Suppose we want to extract only high-quality observations, compute a
derived column, and store the result as a new .vtr file.
The entire pipeline streams:
clean_path <- tempfile(fileext = ".vtr")
tbl_csv(csv_path) |>
filter(quality == "good") |>
mutate(log_abundance = log(abundance + 1)) |>
write_vtr(clean_path)At no point did R hold 50,000 rows (or 50 million, if this were a
larger dataset) in memory. tbl_csv() created a lazy scan
node. filter() and mutate() each wrapped it in
another lazy node. write_vtr() triggered execution: the CSV
scanner read a batch of rows, the filter discarded non-matching rows,
the mutate computed the log column, and the writer serialized the result
to disk. Then the next batch.
At the C level, each node in the pipeline exposes a
next_batch() function. The terminal node (the writer) calls
next_batch() on its upstream node, which in turn calls
next_batch() on its own upstream, and so on down to the
scan node that actually reads from disk. Each VecBatch
struct flows upward through the chain, gets transformed at each stage,
and arrives at the writer ready to be serialized. Once the writer
finishes with a batch, the memory is freed. The pipeline then pulls the
next batch.
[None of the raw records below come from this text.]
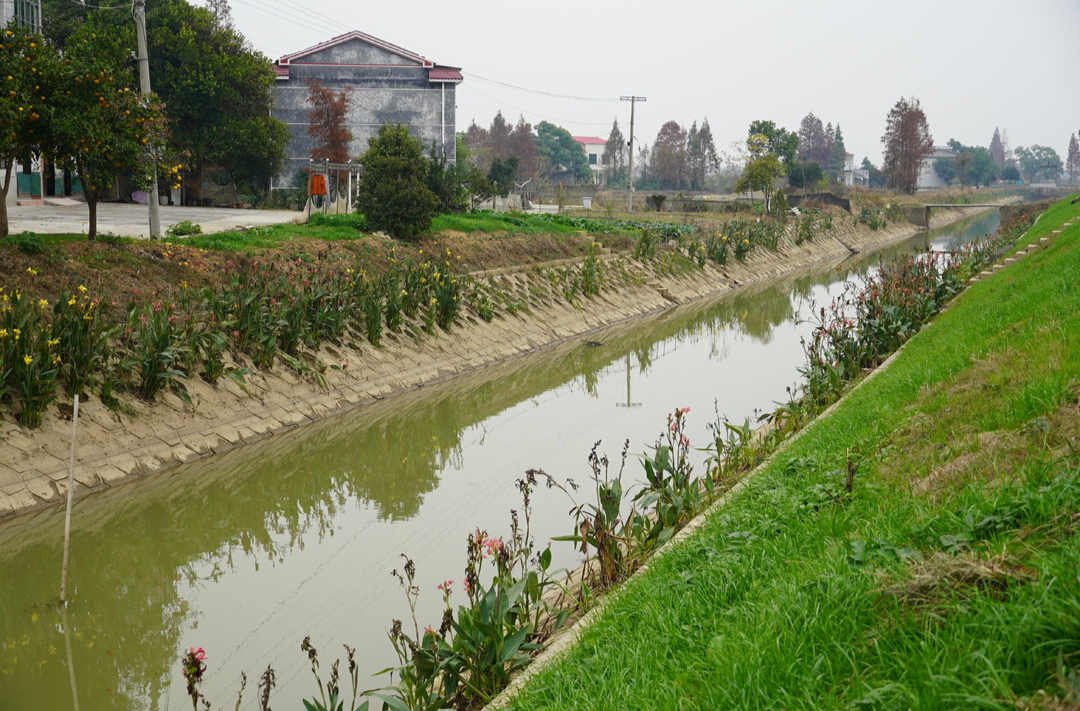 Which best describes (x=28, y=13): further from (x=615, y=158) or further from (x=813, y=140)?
(x=813, y=140)

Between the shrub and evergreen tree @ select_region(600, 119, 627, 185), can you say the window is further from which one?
evergreen tree @ select_region(600, 119, 627, 185)

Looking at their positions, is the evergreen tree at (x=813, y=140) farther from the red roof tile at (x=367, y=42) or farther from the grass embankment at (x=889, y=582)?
the grass embankment at (x=889, y=582)

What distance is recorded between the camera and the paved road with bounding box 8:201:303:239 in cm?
1962

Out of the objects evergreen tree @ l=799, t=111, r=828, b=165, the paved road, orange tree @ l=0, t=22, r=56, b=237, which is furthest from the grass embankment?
evergreen tree @ l=799, t=111, r=828, b=165

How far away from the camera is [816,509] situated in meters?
5.77

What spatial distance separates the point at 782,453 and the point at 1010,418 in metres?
2.32

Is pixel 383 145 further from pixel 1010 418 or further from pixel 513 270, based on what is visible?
pixel 1010 418

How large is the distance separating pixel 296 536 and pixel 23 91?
9203 millimetres

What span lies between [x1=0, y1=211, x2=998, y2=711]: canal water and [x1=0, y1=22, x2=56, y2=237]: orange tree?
6.43m

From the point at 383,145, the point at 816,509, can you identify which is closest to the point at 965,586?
the point at 816,509

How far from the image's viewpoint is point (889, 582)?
3.84 metres

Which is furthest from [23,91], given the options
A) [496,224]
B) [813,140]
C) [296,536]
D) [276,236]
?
[813,140]

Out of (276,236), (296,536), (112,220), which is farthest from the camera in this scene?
(112,220)

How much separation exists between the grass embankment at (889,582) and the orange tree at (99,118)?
41.4 feet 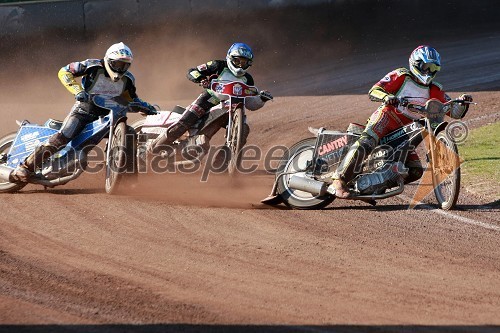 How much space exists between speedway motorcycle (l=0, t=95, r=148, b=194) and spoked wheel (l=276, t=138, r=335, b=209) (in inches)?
89.1

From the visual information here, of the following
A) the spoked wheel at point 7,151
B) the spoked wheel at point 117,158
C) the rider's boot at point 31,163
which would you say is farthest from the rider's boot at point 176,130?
the spoked wheel at point 7,151

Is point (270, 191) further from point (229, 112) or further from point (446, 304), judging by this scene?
point (446, 304)

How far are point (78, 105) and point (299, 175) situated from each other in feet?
11.6

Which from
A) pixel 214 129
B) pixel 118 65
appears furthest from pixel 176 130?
pixel 118 65

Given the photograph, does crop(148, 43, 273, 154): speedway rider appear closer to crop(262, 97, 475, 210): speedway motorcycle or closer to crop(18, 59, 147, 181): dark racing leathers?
crop(18, 59, 147, 181): dark racing leathers

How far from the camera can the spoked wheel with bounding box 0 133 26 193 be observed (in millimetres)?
13758

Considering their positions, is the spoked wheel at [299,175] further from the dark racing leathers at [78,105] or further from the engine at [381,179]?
the dark racing leathers at [78,105]

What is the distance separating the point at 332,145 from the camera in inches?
494

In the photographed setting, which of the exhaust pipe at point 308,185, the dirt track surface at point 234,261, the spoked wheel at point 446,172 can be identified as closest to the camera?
the dirt track surface at point 234,261

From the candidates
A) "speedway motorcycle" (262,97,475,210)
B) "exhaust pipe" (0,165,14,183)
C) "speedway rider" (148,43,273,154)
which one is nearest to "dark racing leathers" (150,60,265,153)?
"speedway rider" (148,43,273,154)

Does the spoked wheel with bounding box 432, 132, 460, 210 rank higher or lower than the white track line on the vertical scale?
higher

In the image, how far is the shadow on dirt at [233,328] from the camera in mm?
7312

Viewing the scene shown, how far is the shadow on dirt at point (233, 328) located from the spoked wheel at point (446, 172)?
4.66 m

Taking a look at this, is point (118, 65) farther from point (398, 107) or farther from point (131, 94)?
point (398, 107) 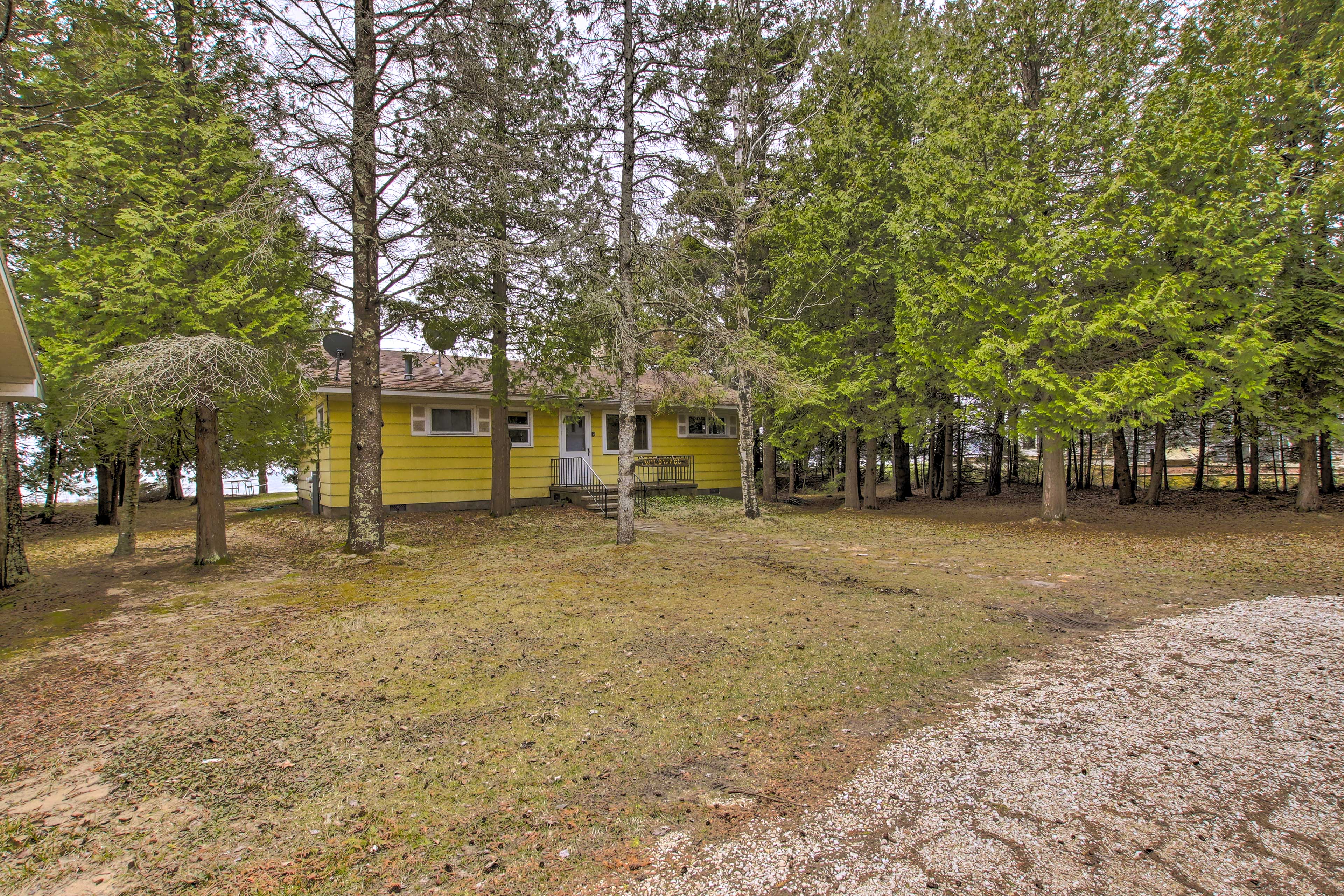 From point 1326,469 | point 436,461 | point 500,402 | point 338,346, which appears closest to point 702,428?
point 500,402

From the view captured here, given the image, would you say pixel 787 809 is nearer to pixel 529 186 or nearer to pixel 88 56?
pixel 529 186

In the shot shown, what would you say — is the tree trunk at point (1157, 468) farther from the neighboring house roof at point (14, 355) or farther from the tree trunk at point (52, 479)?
the tree trunk at point (52, 479)

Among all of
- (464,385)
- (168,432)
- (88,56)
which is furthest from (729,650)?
(464,385)

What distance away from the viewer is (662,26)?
861 cm

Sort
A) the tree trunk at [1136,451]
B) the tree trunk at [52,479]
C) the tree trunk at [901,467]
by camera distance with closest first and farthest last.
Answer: the tree trunk at [52,479]
the tree trunk at [1136,451]
the tree trunk at [901,467]

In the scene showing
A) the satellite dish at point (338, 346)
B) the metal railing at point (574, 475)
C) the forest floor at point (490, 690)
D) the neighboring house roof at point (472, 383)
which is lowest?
the forest floor at point (490, 690)

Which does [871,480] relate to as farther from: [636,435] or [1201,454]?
[1201,454]

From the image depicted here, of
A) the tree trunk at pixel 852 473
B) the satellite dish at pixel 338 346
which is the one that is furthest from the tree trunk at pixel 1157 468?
the satellite dish at pixel 338 346

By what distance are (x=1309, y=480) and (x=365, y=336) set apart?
60.3 feet

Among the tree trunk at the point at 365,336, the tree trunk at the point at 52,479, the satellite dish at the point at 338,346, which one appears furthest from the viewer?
the tree trunk at the point at 52,479

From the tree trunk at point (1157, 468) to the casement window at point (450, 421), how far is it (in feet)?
56.7

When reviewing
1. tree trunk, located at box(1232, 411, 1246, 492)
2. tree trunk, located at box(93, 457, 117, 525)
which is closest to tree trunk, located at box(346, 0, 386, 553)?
tree trunk, located at box(93, 457, 117, 525)

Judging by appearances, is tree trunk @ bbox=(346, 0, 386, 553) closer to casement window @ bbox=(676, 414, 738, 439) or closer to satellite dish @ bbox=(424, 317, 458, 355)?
satellite dish @ bbox=(424, 317, 458, 355)

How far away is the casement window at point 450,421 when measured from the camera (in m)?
13.6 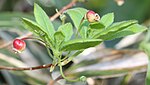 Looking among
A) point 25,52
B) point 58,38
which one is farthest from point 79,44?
point 25,52

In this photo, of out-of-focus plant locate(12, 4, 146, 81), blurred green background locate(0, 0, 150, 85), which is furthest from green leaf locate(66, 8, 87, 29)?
blurred green background locate(0, 0, 150, 85)

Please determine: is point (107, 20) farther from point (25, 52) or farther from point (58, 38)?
point (25, 52)

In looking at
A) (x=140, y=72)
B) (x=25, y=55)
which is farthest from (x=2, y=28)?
(x=140, y=72)

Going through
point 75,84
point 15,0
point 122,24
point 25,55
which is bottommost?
point 122,24

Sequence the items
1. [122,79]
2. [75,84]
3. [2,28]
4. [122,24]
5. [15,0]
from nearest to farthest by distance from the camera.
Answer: [122,24] < [75,84] < [122,79] < [2,28] < [15,0]

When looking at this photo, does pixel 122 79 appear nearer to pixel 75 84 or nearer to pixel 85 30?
pixel 75 84

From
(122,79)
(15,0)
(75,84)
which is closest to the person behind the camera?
(75,84)

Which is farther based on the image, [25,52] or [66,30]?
[25,52]

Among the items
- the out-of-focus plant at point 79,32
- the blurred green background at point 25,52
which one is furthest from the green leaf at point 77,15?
the blurred green background at point 25,52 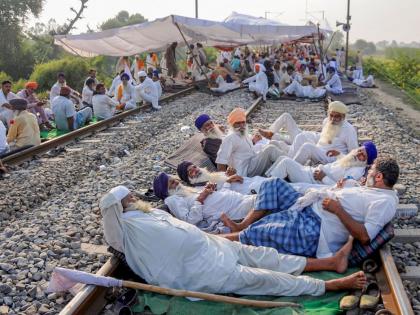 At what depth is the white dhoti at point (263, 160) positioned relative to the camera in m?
6.57

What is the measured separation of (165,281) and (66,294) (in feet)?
2.63

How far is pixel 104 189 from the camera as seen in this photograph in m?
6.50

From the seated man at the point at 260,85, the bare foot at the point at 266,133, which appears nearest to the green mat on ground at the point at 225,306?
the bare foot at the point at 266,133

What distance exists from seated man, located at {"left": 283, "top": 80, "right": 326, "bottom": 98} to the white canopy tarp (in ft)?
9.12

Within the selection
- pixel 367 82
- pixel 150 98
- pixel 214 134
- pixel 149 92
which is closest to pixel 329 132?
pixel 214 134

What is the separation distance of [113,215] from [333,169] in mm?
3108

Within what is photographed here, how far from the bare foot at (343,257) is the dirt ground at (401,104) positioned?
7094mm

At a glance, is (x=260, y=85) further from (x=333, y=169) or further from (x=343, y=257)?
(x=343, y=257)

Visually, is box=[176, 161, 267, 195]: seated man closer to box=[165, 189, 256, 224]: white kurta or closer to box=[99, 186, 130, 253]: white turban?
box=[165, 189, 256, 224]: white kurta

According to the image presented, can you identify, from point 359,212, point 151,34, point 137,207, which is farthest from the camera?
point 151,34

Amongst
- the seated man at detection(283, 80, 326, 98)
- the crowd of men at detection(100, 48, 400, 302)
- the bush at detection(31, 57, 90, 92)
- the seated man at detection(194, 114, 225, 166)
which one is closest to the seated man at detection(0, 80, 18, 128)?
the seated man at detection(194, 114, 225, 166)

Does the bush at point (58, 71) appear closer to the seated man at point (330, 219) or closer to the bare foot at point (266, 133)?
the bare foot at point (266, 133)

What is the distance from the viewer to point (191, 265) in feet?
12.1

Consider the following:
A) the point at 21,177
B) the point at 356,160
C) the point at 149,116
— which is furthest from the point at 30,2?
the point at 356,160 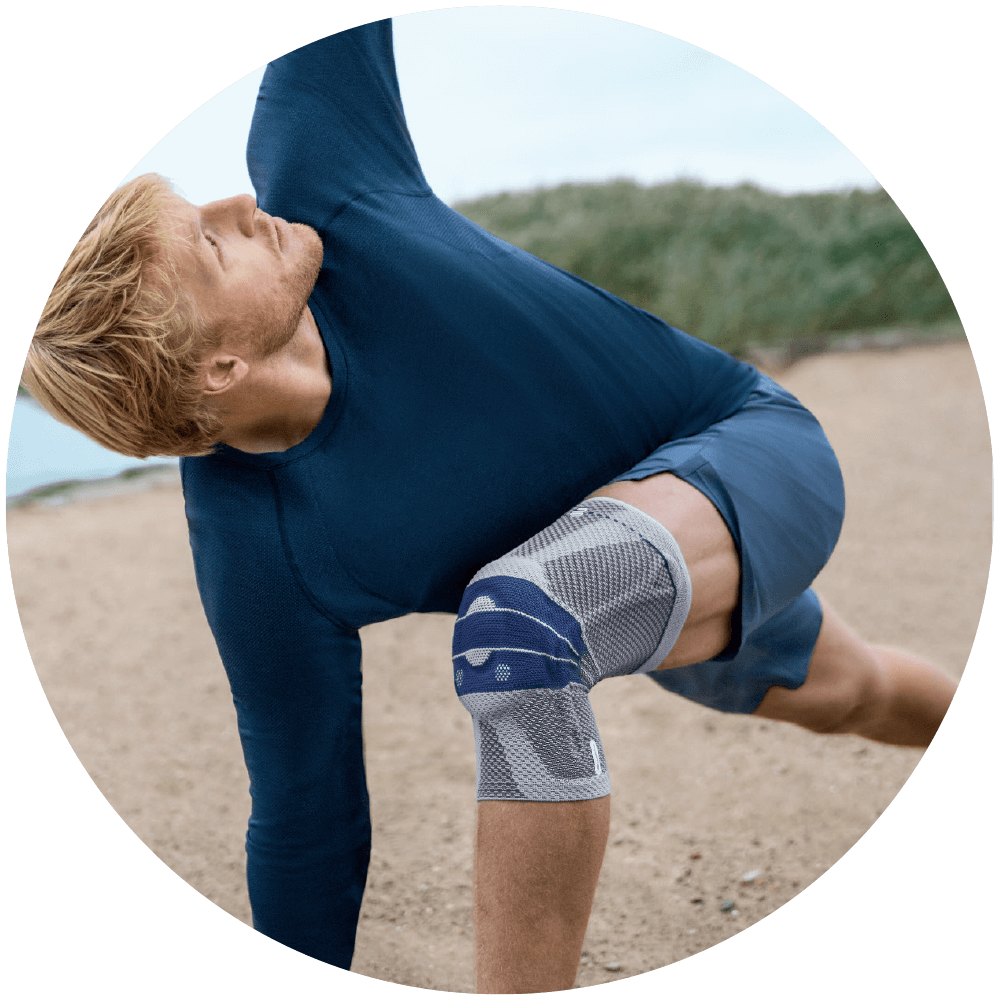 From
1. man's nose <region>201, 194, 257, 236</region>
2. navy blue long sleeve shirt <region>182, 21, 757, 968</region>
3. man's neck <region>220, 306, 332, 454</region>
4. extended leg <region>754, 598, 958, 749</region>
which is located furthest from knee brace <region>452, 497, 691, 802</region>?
extended leg <region>754, 598, 958, 749</region>

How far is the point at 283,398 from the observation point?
87 centimetres

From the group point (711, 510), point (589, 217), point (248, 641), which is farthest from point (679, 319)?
point (248, 641)

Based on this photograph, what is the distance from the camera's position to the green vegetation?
4.35 ft

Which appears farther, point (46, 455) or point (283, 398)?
point (46, 455)

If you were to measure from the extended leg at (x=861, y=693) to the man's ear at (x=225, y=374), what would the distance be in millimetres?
729

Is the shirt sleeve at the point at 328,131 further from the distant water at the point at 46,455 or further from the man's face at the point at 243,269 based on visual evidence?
the distant water at the point at 46,455

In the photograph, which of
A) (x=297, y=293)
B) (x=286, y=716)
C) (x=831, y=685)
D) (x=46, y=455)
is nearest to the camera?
(x=297, y=293)

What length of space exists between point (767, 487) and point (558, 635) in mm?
268

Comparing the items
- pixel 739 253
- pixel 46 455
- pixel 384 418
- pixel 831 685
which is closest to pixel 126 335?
pixel 384 418

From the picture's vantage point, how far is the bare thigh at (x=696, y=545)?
815mm

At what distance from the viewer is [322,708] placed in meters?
0.99

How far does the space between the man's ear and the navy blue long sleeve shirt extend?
93 mm

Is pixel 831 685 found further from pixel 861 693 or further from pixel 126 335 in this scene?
pixel 126 335

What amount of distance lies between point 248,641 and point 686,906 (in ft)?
2.52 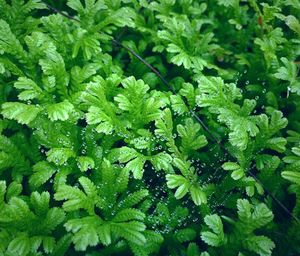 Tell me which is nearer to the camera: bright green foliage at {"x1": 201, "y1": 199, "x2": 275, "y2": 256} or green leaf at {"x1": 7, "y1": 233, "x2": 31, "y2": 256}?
green leaf at {"x1": 7, "y1": 233, "x2": 31, "y2": 256}

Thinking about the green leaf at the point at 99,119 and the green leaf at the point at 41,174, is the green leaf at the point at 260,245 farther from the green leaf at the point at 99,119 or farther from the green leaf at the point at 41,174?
the green leaf at the point at 41,174

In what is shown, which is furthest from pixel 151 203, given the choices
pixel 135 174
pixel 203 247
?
pixel 203 247

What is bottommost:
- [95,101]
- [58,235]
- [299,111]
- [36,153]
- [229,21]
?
[58,235]

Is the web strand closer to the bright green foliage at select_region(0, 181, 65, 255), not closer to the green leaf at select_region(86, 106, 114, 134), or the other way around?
the green leaf at select_region(86, 106, 114, 134)

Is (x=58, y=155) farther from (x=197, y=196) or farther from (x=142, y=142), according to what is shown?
(x=197, y=196)

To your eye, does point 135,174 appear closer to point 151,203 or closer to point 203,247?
point 151,203

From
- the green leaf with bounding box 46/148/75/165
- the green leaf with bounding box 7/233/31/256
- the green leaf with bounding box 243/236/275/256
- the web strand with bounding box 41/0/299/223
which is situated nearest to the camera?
the green leaf with bounding box 7/233/31/256

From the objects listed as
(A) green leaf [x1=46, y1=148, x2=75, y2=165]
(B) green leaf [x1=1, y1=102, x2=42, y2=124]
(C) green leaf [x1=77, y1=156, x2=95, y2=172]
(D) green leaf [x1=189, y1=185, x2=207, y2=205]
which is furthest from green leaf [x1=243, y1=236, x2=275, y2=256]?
(B) green leaf [x1=1, y1=102, x2=42, y2=124]

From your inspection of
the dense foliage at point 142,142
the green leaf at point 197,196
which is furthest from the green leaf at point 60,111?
the green leaf at point 197,196

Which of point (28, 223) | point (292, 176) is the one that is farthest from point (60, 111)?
point (292, 176) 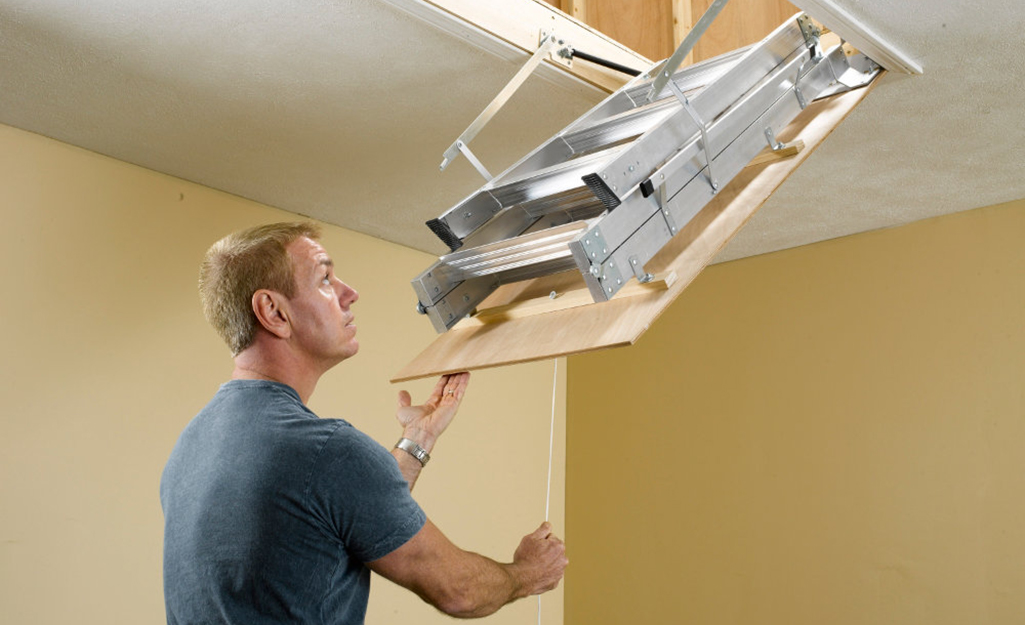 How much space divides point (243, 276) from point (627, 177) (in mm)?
785

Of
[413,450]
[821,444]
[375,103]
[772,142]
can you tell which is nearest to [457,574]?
[413,450]

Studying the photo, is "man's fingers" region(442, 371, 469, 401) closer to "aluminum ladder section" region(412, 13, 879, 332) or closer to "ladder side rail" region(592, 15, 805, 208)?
"aluminum ladder section" region(412, 13, 879, 332)

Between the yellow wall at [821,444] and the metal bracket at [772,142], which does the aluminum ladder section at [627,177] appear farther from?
the yellow wall at [821,444]

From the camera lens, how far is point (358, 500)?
1.54m

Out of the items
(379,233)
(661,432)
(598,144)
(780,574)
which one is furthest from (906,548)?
(379,233)

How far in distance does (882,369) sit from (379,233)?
216cm

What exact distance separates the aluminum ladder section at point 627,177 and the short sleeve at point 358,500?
58 centimetres

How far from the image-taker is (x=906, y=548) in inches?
144

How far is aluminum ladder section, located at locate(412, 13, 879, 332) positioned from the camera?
1951mm

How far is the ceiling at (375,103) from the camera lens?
2.40m

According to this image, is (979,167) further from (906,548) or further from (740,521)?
(740,521)

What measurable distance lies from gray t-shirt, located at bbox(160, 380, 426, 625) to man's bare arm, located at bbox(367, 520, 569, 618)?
4cm

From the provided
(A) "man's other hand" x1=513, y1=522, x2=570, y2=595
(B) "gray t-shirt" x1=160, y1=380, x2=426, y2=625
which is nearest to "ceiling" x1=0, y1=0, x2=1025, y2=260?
(B) "gray t-shirt" x1=160, y1=380, x2=426, y2=625

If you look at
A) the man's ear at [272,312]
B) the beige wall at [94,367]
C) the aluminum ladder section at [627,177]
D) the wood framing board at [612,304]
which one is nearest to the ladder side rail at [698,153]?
the aluminum ladder section at [627,177]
This pull-based design means memory consumption stays flat
regardless of how many millions of rows pass through. A pipeline that
processes 200 GB of CSV data uses the same peak memory as one that
processes 200 KB.
We can verify the result by reading back a small slice:
tbl(clean_path) |>
select(obs_id, site, species, abundance, log_abundance) |>
slice_head(n = 5) |>
collect()
#> obs_id site species abundance log_abundance
#> 1 3 SITE_001 Alnus glutinosa 12 2.564949
#> 2 7 SITE_018 Fraxinus excelsior 17 2.890372
#> 3 8 SITE_049 Betula pendula 17 2.890372
#> 4 9 SITE_047 Fraxinus excelsior 16 2.833213
#> 5 11 SITE_007 Picea abies 14 2.708050The same pattern works for any source-sink combination. CSV to SQLite:
db_path <- tempfile(fileext = ".sqlite")
tbl_csv(csv_path) |>
filter(year >= 2020) |>
write_sqlite(db_path, "recent_obs")Or .vtr to CSV, useful for handing data to colleagues
who expect plain text:
export_csv <- tempfile(fileext = ".csv")
tbl(vtr_path) |>
filter(species == "Fagus sylvatica") |>
select(obs_id, site, year, abundance) |>
write_csv(export_csv)Each pipeline reads only what it needs and writes directly to the target format. The intermediate verbs never buffer more than one batch. This is what makes vectra practical for datasets larger than RAM: the memory footprint of a streaming pipeline is determined by the batch size, not the dataset size.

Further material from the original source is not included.